§ TO DO: Restate the data below word for word, and let no image into your version.

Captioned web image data
-------
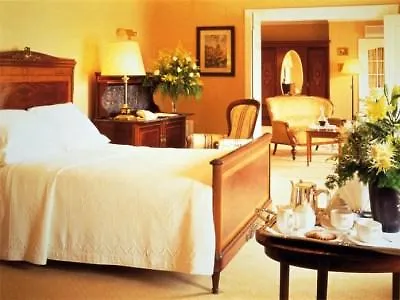 호텔 Hayfield Manor 코크
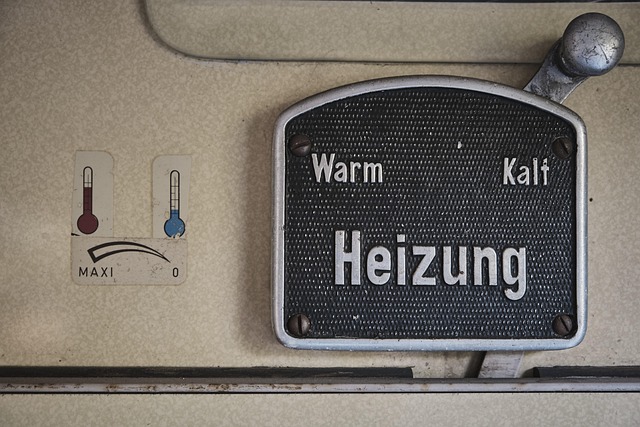 air conditioning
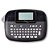 Rotulador Eletrônico Portátil Preto PT-M95BK Brother - Imagem 1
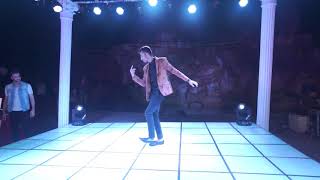 Hona chaida | trilok Utwani choreography | arjun kanungo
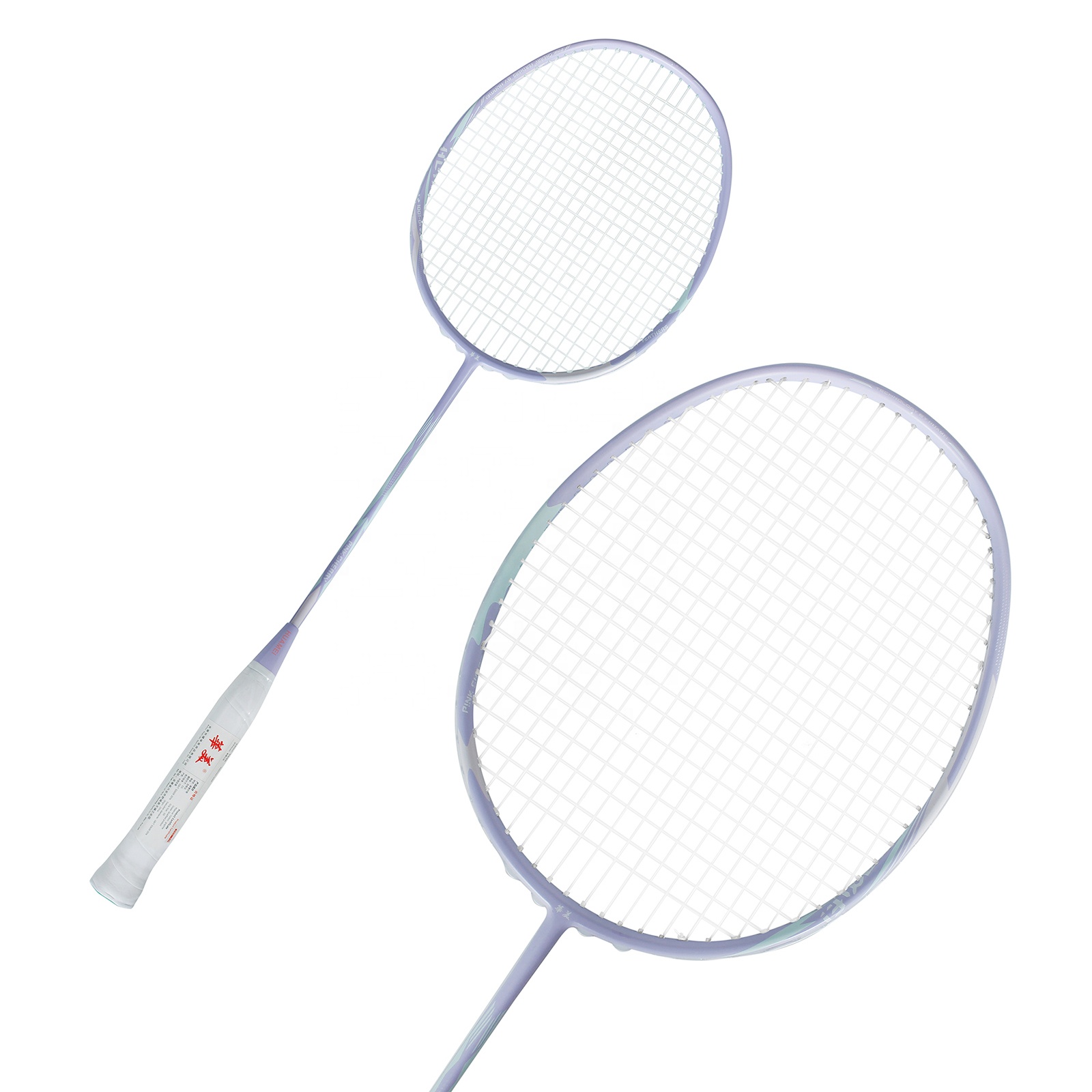 Hot selling Carbon fiber mater - đánh giá và giá Badminton Racket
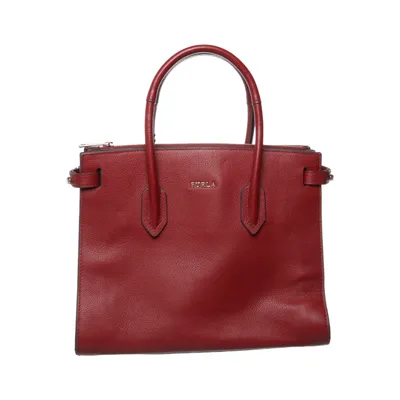 Handväska (Röd) från Furla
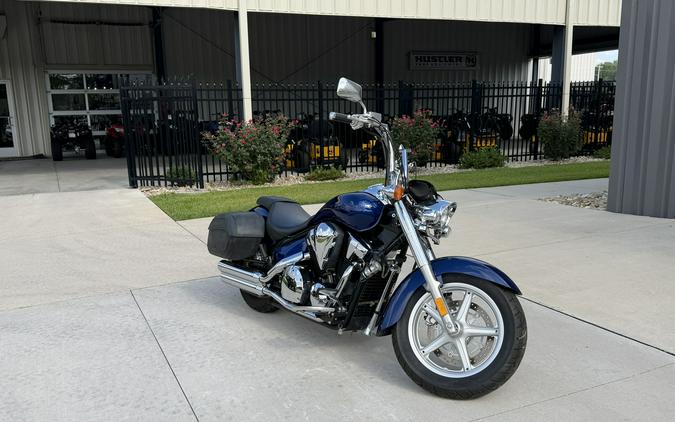 2010 HONDA INTERSTATE - K000571
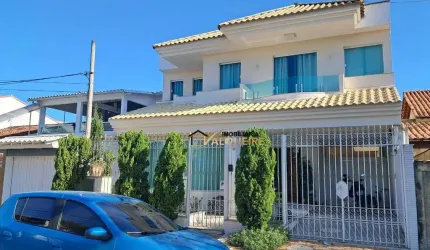 Casa com 5 dormitórios à venda, 280 m² por R$ 1.680.000,00 - Vila Valqueire - Rio de Janeiro/RJ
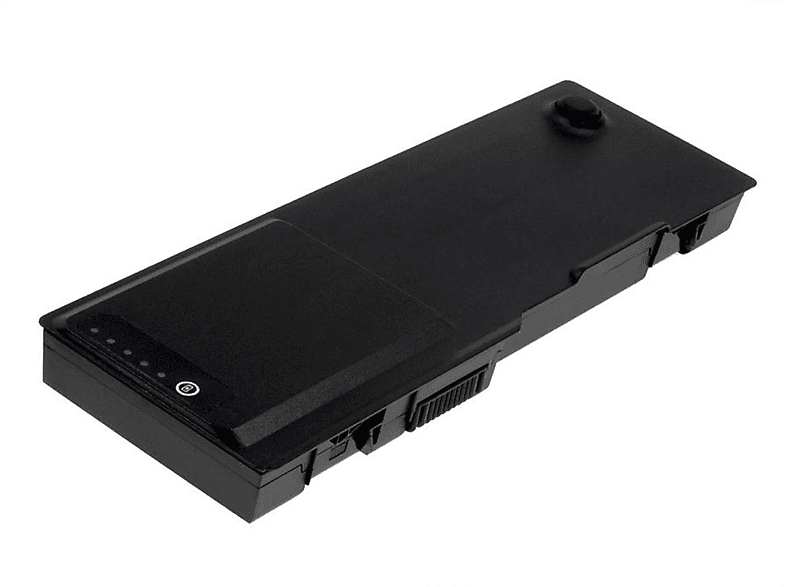 POWERY Akku für DELL Inspiron 1501 Li-Ion Akku, 11.1 Volt, 7800mAh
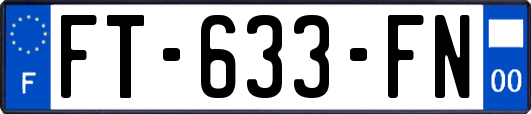 FT-633-FN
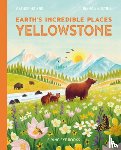 Ard, Catherine - Yellowstone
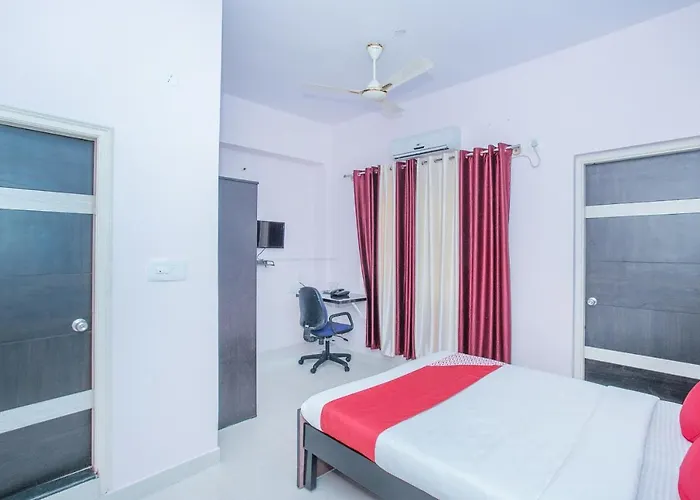 Private Bathroom Double Room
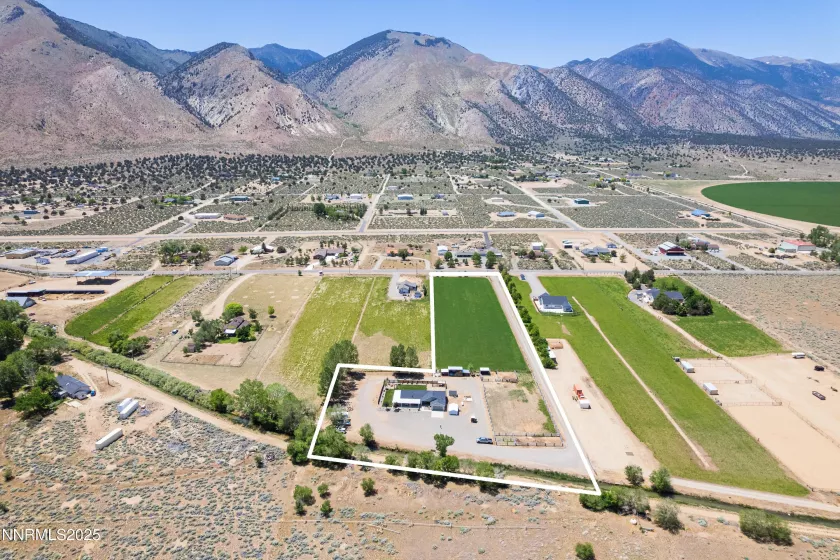 540 Upper Colony, Smith Valley, Nevada 89444, 5 Bedrooms Bedrooms, ,3 BathroomsBathrooms,Residential,Residential,Upper Colony,250050553
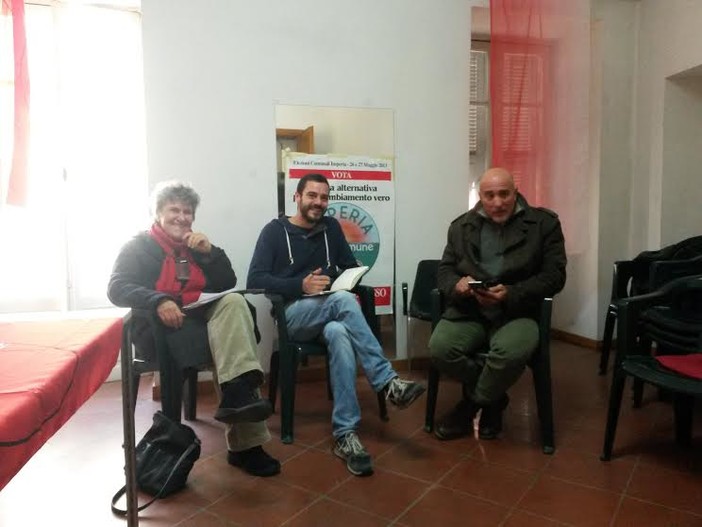 Piano casa: questa sera in Consiglio Comunale la mozione di Imperia bene comune. Ecco i perché del no alla pratica di Marco Scajola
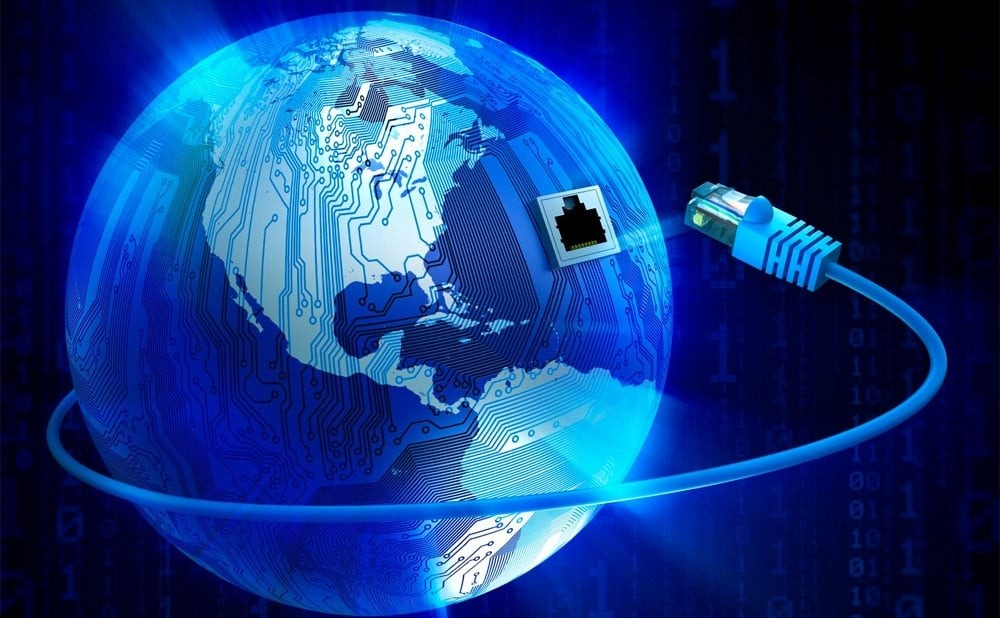 هل ينقطع الإنترنت عن العالم يوم 11 أكتوبر؟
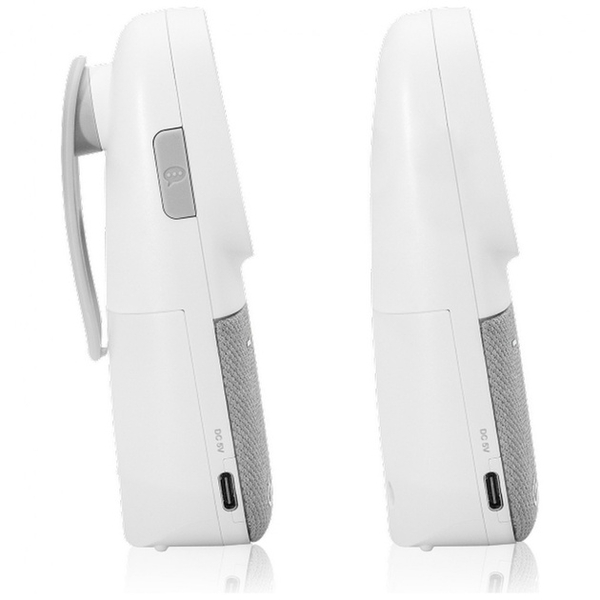 Радіоняня Lionelo BabyLine 2.2 (LOC-BABYLINE 2.2) - Pampik - 2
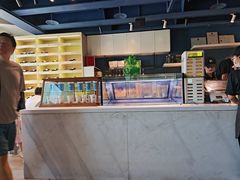 -魏客咖啡(中铁中心店)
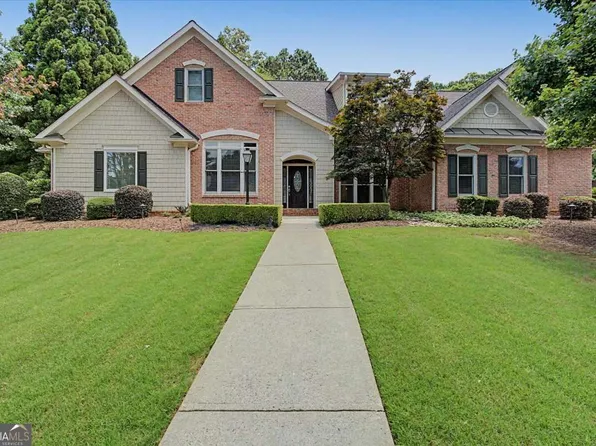 2989 Highcreek Vw NW, Kennesaw, GA 30144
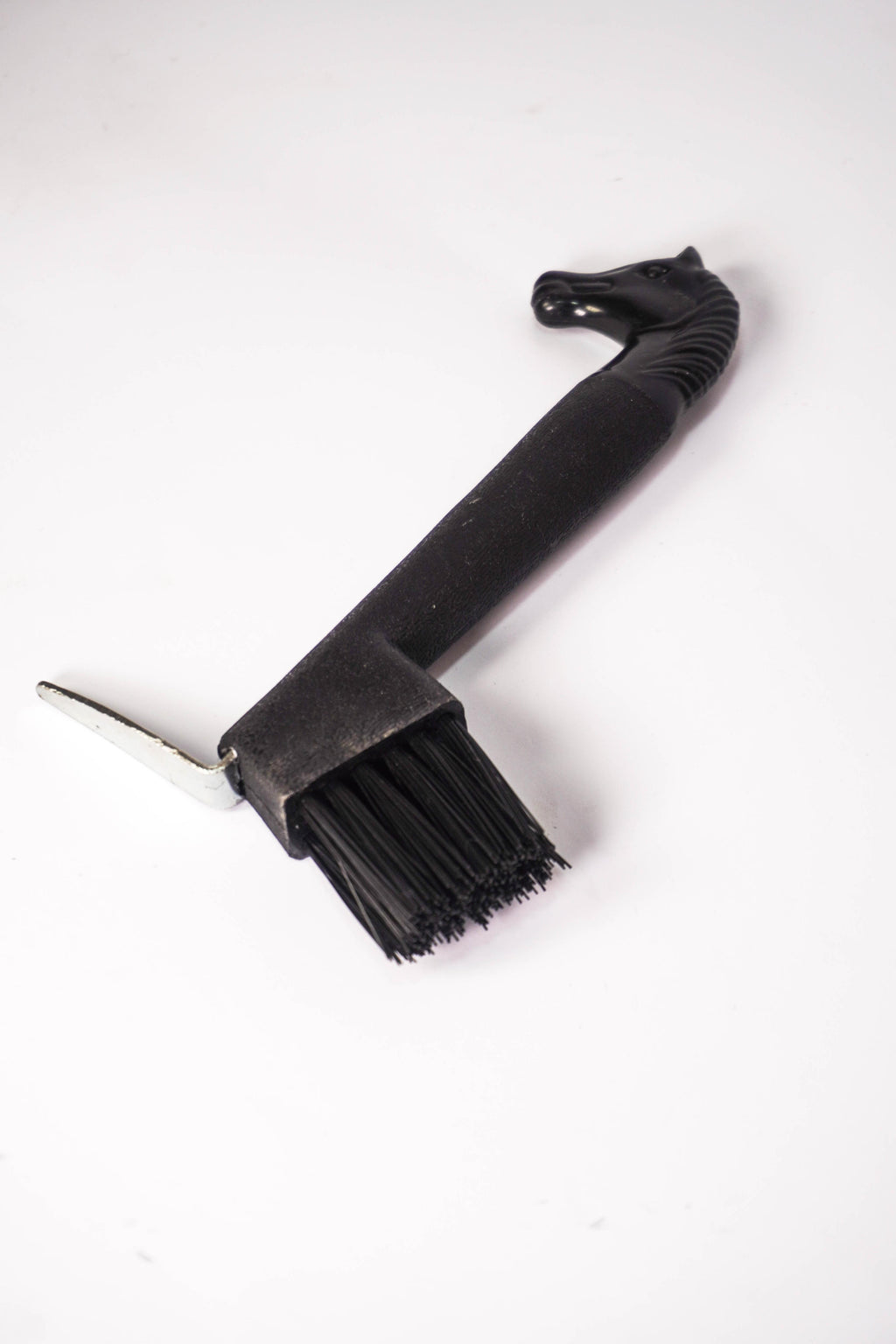 Hoof Pick Brush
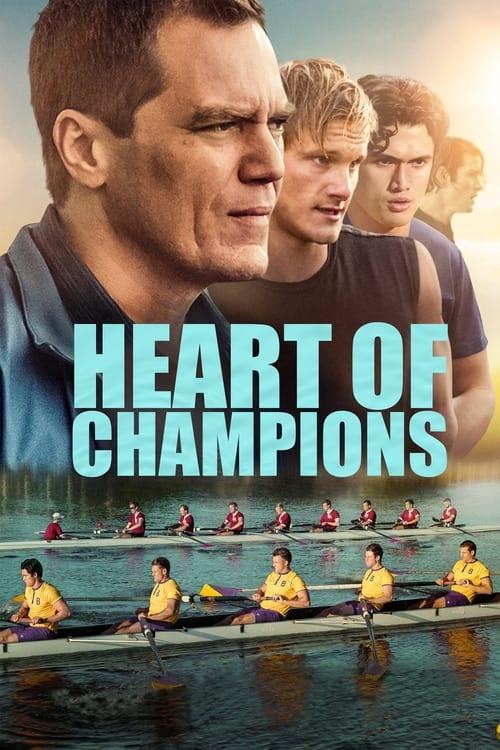 Heart of Champions filmas online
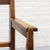 Art Deco Dutch Chair in Oak, 1920s For Sale - Image 15 of 18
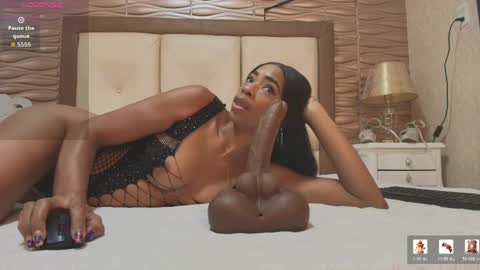 Samantha online show from April 4, 2026, 8:06 pm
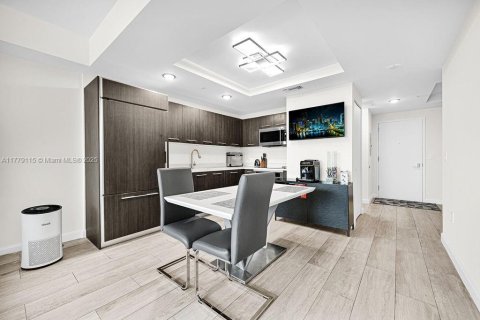 Купить кондоминиум в Майами, Флорида 1 спальня, 79.15м2, № 2012556 - фото 11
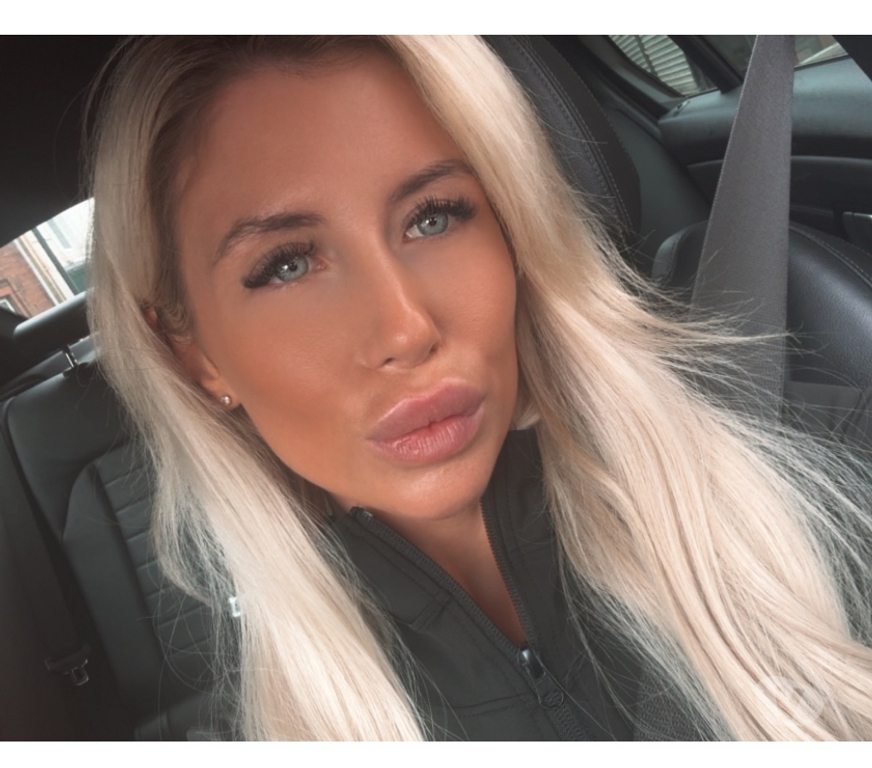 Adult Entertainment Merseyside Liverpool - Photos for HOT BLONDIE - 07852605218 💋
-------
§ RESULT:
 호텔 Hayfield Manor 코크
 air conditioning
 Rotulador Eletrônico Portátil Preto PT-M95BK Brother - Imagem 1
 Hona chaida | trilok Utwani choreography | arjun kanungo
 Hot selling Carbon fiber mater - đánh giá và giá Badminton Racket
 Handväska (Röd) från Furla
 2010 HONDA INTERSTATE - K000571
 Casa com 5 dormitórios à venda, 280 m² por R$ 1.680.000,00 - Vila Valqueire - Rio de Janeiro/RJ
 POWERY Akku für DELL Inspiron 1501 Li-Ion Akku, 11.1 Volt, 7800mAh
 FT-633-FN
 Ard, Catherine - Yellowstone
 Private Bathroom Double Room
 540 Upper Colony, Smith Valley, Nevada 89444, 5 Bedrooms Bedrooms, ,3 BathroomsBathrooms,Residential,Residential,Upper Colony,250050553
 Piano casa: questa sera in Consiglio Comunale la mozione di Imperia bene comune. Ecco i perché del no alla pratica di Marco Scajola
 هل ينقطع الإنترنت عن العالم يوم 11 أكتوبر؟
 Радіоняня Lionelo BabyLine 2.2 (LOC-BABYLINE 2.2) - Pampik - 2
 -魏客咖啡(中铁中心店)
 2989 Highcreek Vw NW, Kennesaw, GA 30144
 Hoof Pick Brush
 Heart of Champions filmas online
 Art Deco Dutch Chair in Oak, 1920s For Sale - Image 15 of 18
 Samantha online show from April 4, 2026, 8:06 pm
 Купить кондоминиум в Майами, Флорида 1 спальня, 79.15м2, № 2012556 - фото 11
 Adult Entertainment Merseyside Liverpool - Photos for HOT BLONDIE - 07852605218 💋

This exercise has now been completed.